> LISTED RECORDS:
###
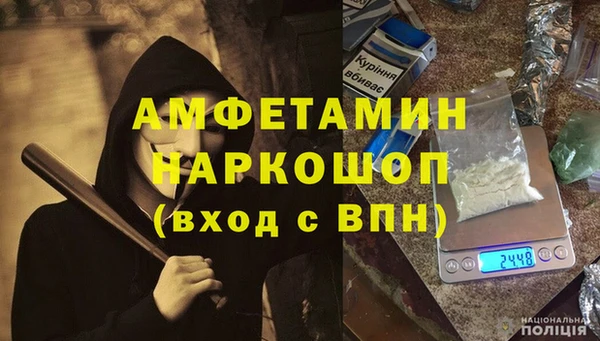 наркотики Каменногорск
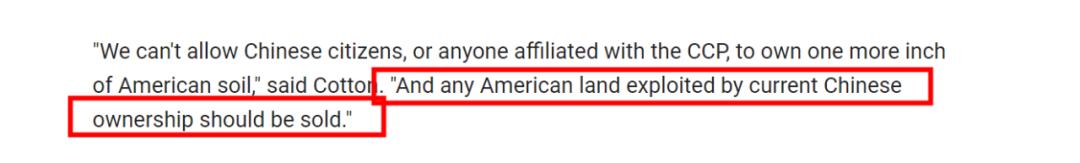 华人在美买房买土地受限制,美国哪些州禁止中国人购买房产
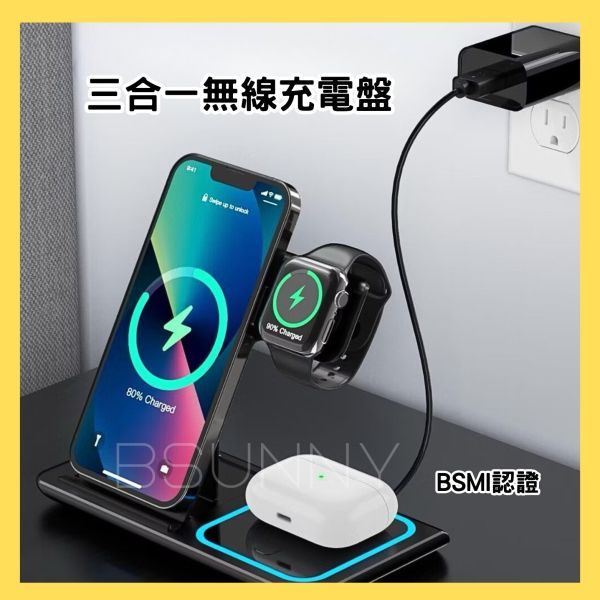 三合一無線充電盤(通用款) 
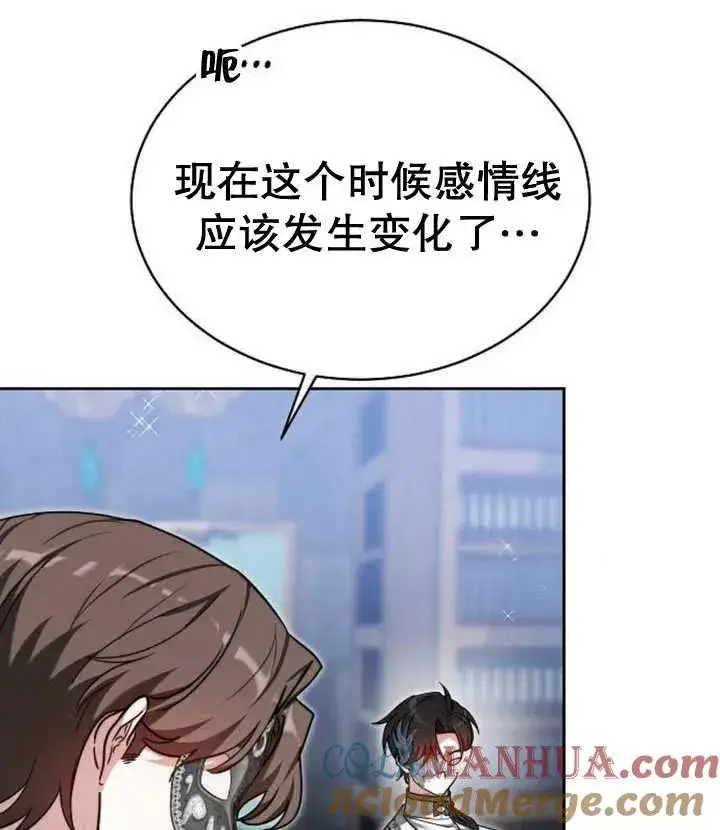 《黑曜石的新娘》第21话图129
###
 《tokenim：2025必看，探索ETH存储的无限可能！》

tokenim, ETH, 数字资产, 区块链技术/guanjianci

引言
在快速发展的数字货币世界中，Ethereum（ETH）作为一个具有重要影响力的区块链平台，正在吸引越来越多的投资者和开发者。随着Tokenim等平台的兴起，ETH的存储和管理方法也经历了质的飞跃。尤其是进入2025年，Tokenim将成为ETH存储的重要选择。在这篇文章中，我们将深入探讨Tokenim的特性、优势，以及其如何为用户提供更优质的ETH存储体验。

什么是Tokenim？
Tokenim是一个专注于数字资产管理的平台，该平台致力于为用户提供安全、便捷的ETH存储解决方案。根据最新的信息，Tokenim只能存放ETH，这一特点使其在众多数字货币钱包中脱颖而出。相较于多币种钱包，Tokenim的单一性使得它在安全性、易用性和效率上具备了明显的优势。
###
> PROBLEM DETAILS: Once you find the line with "tokenim, ETH, 数字资产, 区块链技术/guanjianci" in the entries above, output it and each line after it up to and including the line with "Tokenim是一个专注于数", and nothing else.

> TASK RESPONSE:
tokenim, ETH, 数字资产, 区块链技术/guanjianci

引言
在快速发展的数字货币世界中，Ethereum（ETH）作为一个具有重要影响力的区块链平台，正在吸引越来越多的投资者和开发者。随着Tokenim等平台的兴起，ETH的存储和管理方法也经历了质的飞跃。尤其是进入2025年，Tokenim将成为ETH存储的重要选择。在这篇文章中，我们将深入探讨Tokenim的特性、优势，以及其如何为用户提供更优质的ETH存储体验。

什么是Tokenim？
Tokenim是一个专注于数字资产管理的平台，该平台致力于为用户提供安全、便捷的ETH存储解决方案。根据最新的信息，Tokenim只能存放ETH，这一特点使其在众多数字货币钱包中脱颖而出。相较于多币种钱包，Tokenim的单一性使得它在安全性、易用性和效率上具备了明显的优势。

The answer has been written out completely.